And wad is worse? Tml I got another training programe. 9-5pm. Which means tml is burnt and cant go and meet ppl and meet quota for the day coz I got tuition at 6-7thirty, rendering tml a No-Time-For-Work-Day. All this point towards one ting. Means I have to work on Saturday tis week. Coz Friday got another training programe, which last the WHOLE afternoon, 2-5pm after that I got tuition and aikido, again, I dun tink I can get to meet ppl in the morning, even if I want to, and even if I can, I cant meet enuf ppl to meet quota. Means? Work on Sunday too. Yay.


Anyway, I jus bought my Peace Of Mind. I jus got myself a cheap cheap insurance. For protection. So in the event I m unfortunately dead, disabled, or contacted one of the 30major illness, I will be hw shld I put it, reimburse?
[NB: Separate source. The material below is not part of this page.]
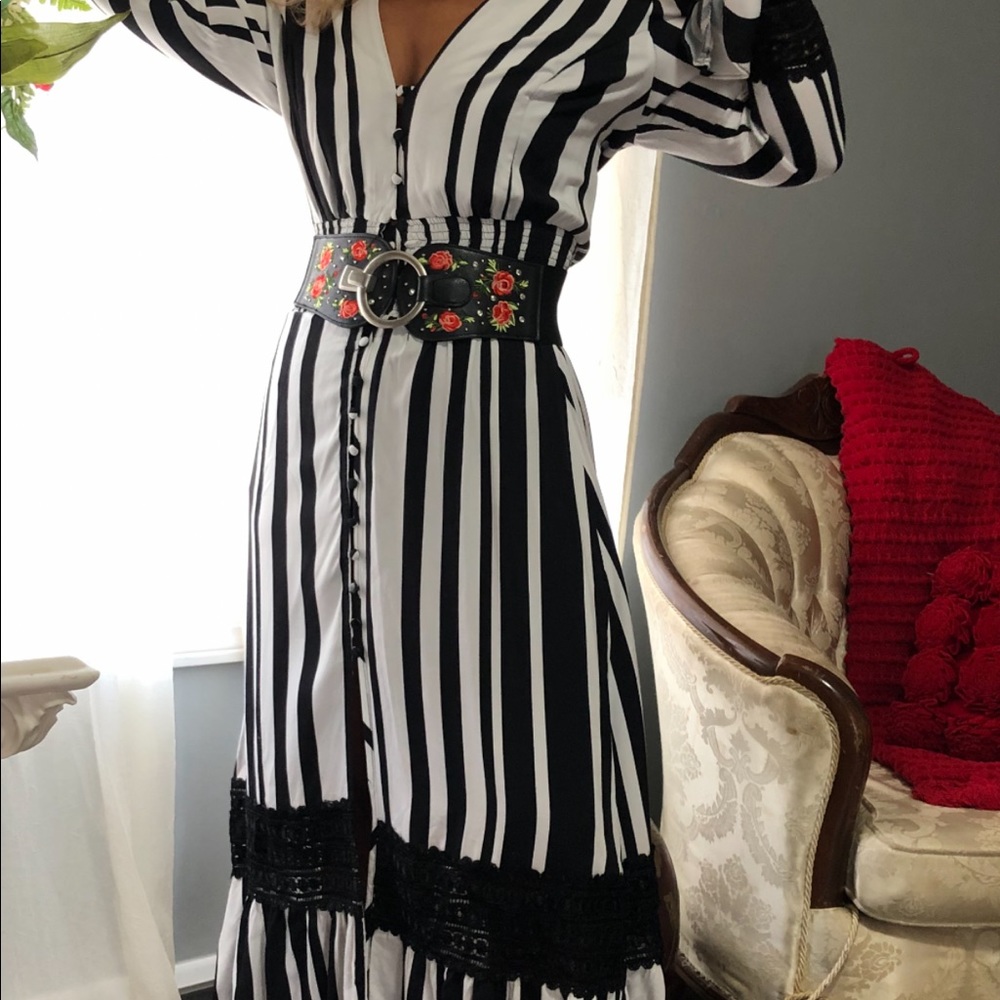 Dress - Picture 2 of 5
Compenstated? Well, $100k… but the ting bout tis that makes it cheap?

If nothing happens to me, I get nothing as well. So I b dumping 30plus bucks per month so that I can walk around feeling much better knowing that if I m ever not around, or something bad happens, my loved ones would suffer emotional loss, not financial ones. Kinda like 30plus bucks per month to prove my worth. Lol…at least I know that if I die, I m worth 100k. haha. Bt hey, I m worth more than that bah? No? yea, mayb now no, but who can guarantee how many $100k I mite one day earn? Wad if tis Saturday is the day I can strike 4D giving me $200k? (impossible la. First ting, I din buy. 2nd ting, even if I buy, wont spend so much on something that is not sure win)

Well, I guess u get my point bout life insurance by now? Tis line made me b abit sadist. In a way is called sadist, in a way is, awake. Coz I know that life is jus so fragile and full of the unexpected. Anyway, Cousin Turtle, big thks for asking ur boiboi come fetch me and go eat and go do the PFR (personal financial record). And all tis, in the middle of the nite. Surprisingly, a lot of ppl I noe dun have life insurance, jus like me. And I tot I m the rare few, whose parents dun really believe in life insurance.

But I realized something. That those who really do believe and understand the beauty of insurance are commonly those who benefited from it (sad to say). Unfortunate things happened to them, and they got money from insurance company. Indeed they suffered emotionally, bt financially are compensated. If not, another type who believe in insurance are those who have close encounter, or seen death right in the face. Seeing ppl die right in your face, and know how fragile life can be.

If not, I suppose the other type wld b those who truly care very much, and tink as many much too for their family too. Which is good… coz they planned, and care..and wish to b prepared in the event of anyting bad, and the good ting is, they dun haf to suffer anyting to understand the use of insurance. And my job? Is to ‘create’ more ppl belonging to the 3rd type. No need to see death, benefited from insurance, but know but the good of it.

Sounds too noble to b true? Yea. I feel so too. If I say commission is nt a factor…gotta b kiddin. A lot entered tis line for the commission. Perhaps my emotional side of me made me know tings sooner, that it is more bout, creating awareness, making sure ppl are well-prepared financially shld bad tings happen. Or jus, to help plan for the future, which is sure to come one day, and to make sure that at least financially, you have done within your means to try to reach the goal that you set. If I can truly look at everyone with the intentions of wanting to help, and not jus wanting to dig the last cent out of them to chip in to my paycheck, I tink they will feel it, and business will come to me, not me searching high and low, begging for some business and deals… thus, I m now, here.


I guess I think too much. Oh, yah, I ordered milk at Mcdonalds again, and tis time, the crew looked at me and asked, “you mean milk shake?”. I repeated, “no, milk”… and she kinda…well, gimme tt strange look again. And here again, I present u, the 2nd milk tt I ordered with a tinge of embarrassment. And once again I ask, wad is wrong with drinking milk?